-------- The input --------

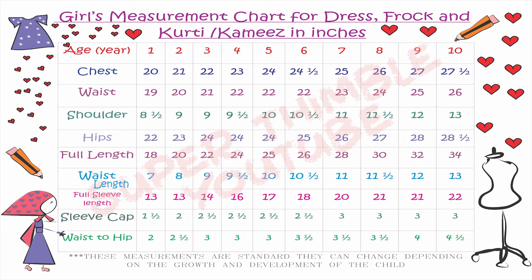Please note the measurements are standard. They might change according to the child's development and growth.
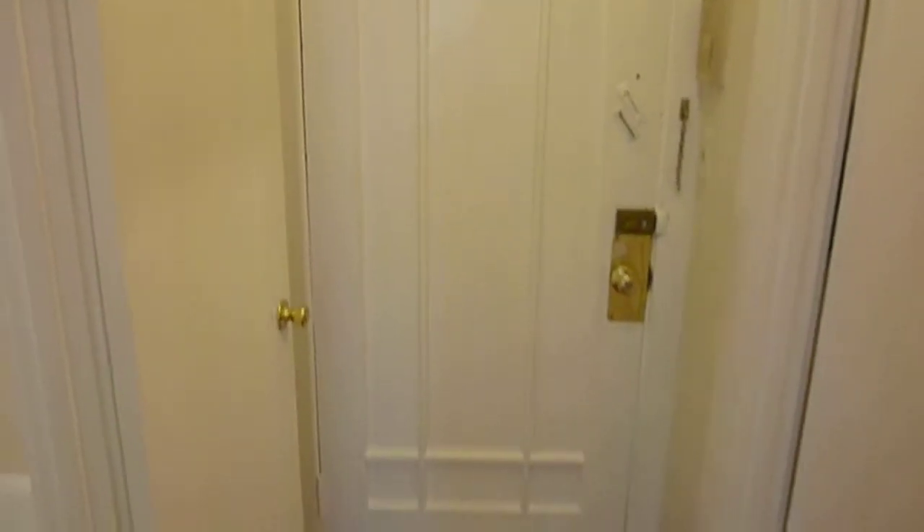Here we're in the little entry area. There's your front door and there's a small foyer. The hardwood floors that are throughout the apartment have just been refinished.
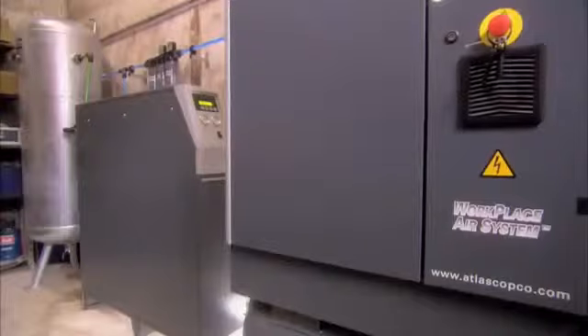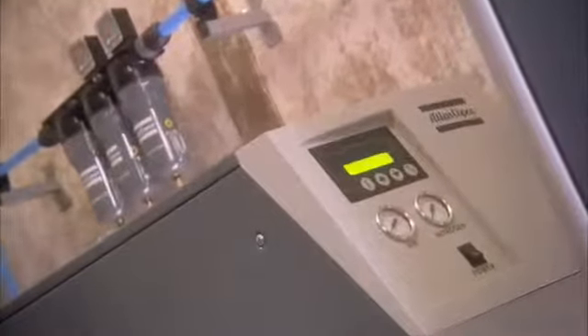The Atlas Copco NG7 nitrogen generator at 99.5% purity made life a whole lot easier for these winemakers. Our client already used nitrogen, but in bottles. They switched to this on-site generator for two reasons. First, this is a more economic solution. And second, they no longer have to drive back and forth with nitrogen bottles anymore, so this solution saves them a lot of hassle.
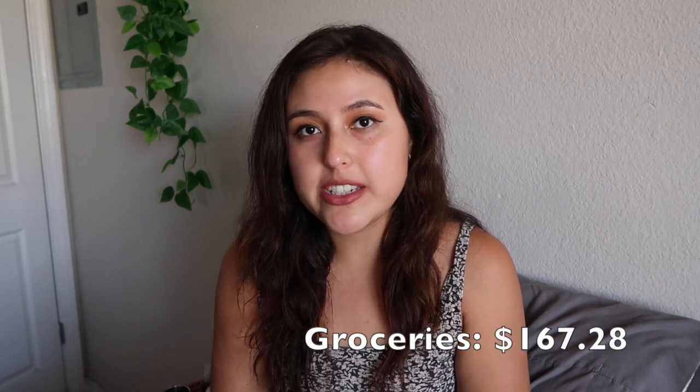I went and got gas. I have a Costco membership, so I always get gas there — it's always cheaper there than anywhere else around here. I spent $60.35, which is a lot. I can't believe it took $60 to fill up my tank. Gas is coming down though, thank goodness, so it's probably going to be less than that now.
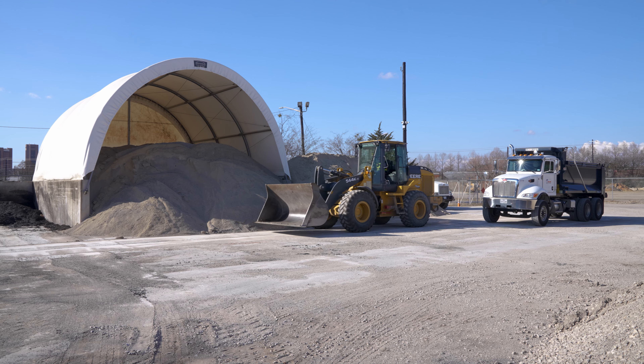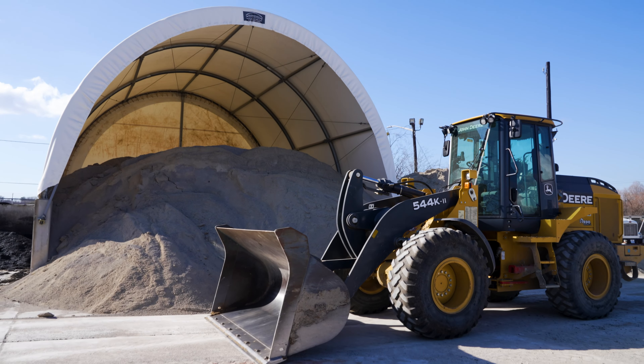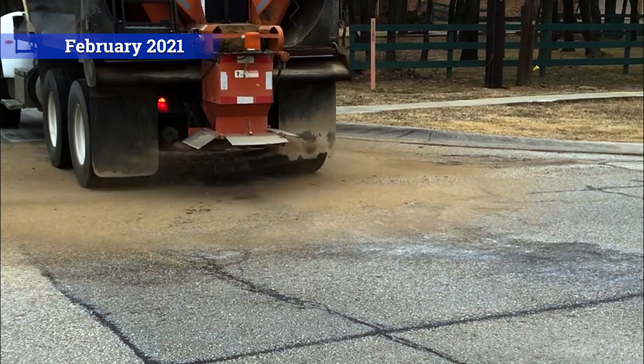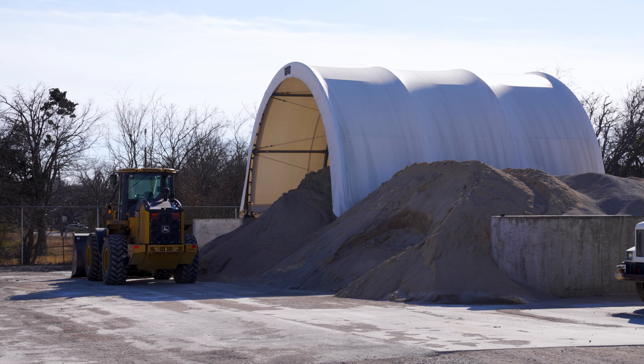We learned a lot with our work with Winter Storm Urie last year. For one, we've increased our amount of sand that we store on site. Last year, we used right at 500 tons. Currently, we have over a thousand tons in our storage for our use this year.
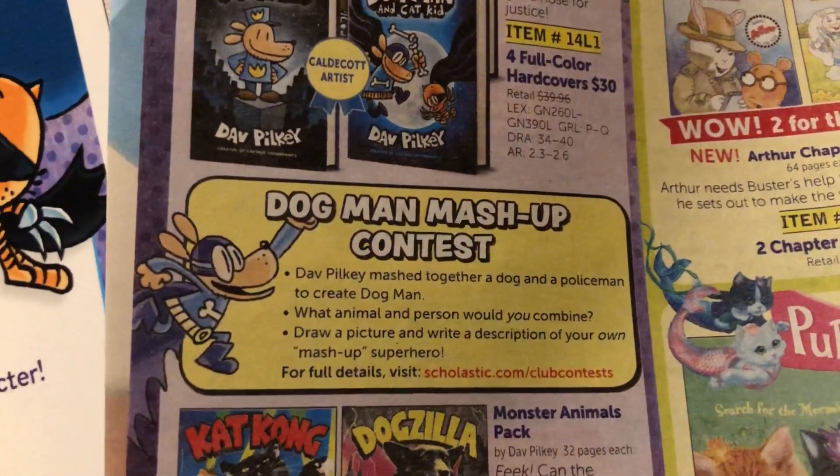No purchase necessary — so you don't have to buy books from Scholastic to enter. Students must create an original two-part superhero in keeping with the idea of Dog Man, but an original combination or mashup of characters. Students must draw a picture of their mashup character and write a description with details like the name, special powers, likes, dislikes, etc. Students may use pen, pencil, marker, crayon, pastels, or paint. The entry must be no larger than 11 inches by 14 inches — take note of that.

--------
-------- The input --------

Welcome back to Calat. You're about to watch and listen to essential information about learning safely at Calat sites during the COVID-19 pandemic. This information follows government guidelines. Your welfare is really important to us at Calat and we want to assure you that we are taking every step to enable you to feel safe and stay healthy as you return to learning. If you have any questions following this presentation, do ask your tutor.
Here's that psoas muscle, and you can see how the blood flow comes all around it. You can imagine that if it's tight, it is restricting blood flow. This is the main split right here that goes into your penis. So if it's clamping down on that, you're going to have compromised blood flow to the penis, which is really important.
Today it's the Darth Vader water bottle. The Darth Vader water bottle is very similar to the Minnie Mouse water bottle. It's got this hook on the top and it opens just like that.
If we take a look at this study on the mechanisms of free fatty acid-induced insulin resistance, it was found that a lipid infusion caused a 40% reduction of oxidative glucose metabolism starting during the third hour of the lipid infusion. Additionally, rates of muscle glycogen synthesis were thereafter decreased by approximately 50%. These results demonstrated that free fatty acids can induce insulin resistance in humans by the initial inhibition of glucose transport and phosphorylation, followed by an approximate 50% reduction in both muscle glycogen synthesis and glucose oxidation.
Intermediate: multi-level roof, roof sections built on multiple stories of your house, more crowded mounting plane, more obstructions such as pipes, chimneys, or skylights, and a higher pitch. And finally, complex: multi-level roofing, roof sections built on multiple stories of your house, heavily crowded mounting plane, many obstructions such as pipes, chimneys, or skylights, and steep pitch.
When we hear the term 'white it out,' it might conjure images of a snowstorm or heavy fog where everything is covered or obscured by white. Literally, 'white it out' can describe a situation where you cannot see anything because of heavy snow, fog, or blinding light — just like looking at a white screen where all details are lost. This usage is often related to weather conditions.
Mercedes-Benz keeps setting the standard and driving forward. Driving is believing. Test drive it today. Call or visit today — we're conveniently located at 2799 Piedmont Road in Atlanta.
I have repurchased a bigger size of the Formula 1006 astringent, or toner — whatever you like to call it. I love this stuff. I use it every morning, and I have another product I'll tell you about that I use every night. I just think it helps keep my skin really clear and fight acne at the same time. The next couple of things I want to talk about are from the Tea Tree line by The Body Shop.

--------
-------- The input --------

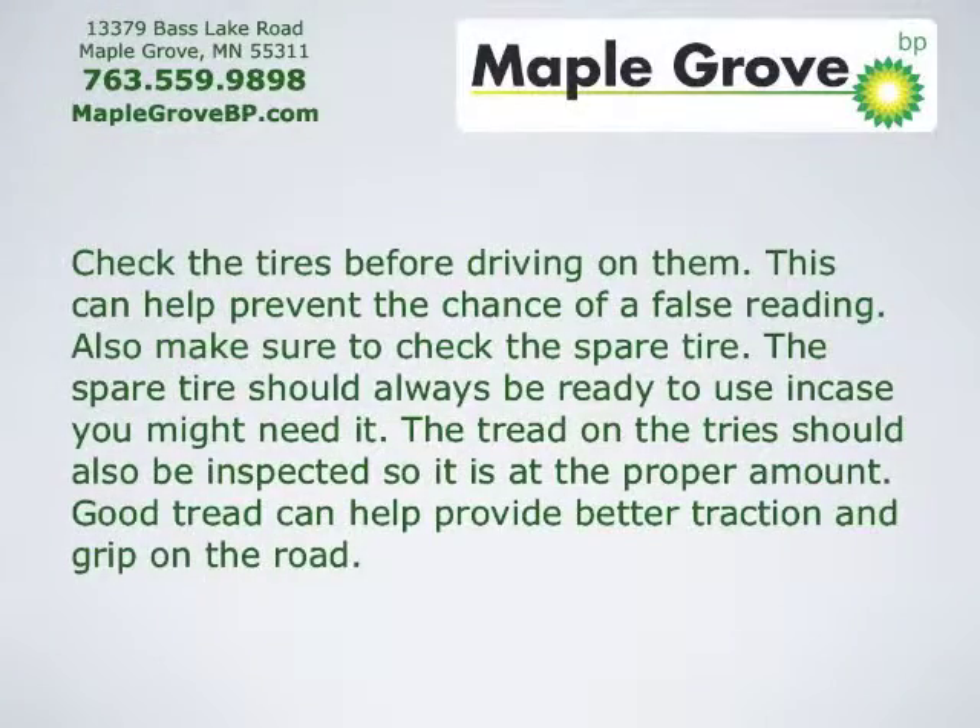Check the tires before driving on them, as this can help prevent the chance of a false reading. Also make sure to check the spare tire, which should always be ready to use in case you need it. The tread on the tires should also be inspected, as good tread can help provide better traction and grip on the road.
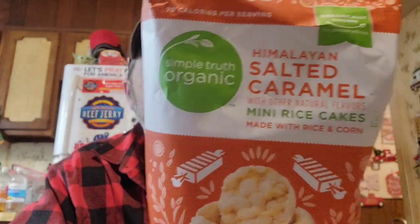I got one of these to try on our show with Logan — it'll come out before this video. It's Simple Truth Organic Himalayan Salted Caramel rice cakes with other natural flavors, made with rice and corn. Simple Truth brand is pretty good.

--------

Requirement: Would you copy out, exactly and with no pictures, only the lines above from the one that contains "Please note the" through the one that contains "No purchase necessary"?

Your response:
Please note the measurements are standard. They might change according to the child's development and growth.
Here we're in the little entry area. There's your front door and there's a small foyer. The hardwood floors that are throughout the apartment have just been refinished.
The Atlas Copco NG7 nitrogen generator at 99.5% purity made life a whole lot easier for these winemakers. Our client already used nitrogen, but in bottles. They switched to this on-site generator for two reasons. First, this is a more economic solution. And second, they no longer have to drive back and forth with nitrogen bottles anymore, so this solution saves them a lot of hassle.
I went and got gas. I have a Costco membership, so I always get gas there — it's always cheaper there than anywhere else around here. I spent $60.35, which is a lot. I can't believe it took $60 to fill up my tank. Gas is coming down though, thank goodness, so it's probably going to be less than that now.
We learned a lot with our work with Winter Storm Urie last year. For one, we've increased our amount of sand that we store on site. Last year, we used right at 500 tons. Currently, we have over a thousand tons in our storage for our use this year.
No purchase necessary — so you don't have to buy books from Scholastic to enter. Students must create an original two-part superhero in keeping with the idea of Dog Man, but an original combination or mashup of characters. Students must draw a picture of their mashup character and write a description with details like the name, special powers, likes, dislikes, etc. Students may use pen, pencil, marker, crayon, pastels, or paint. The entry must be no larger than 11 inches by 14 inches — take note of that.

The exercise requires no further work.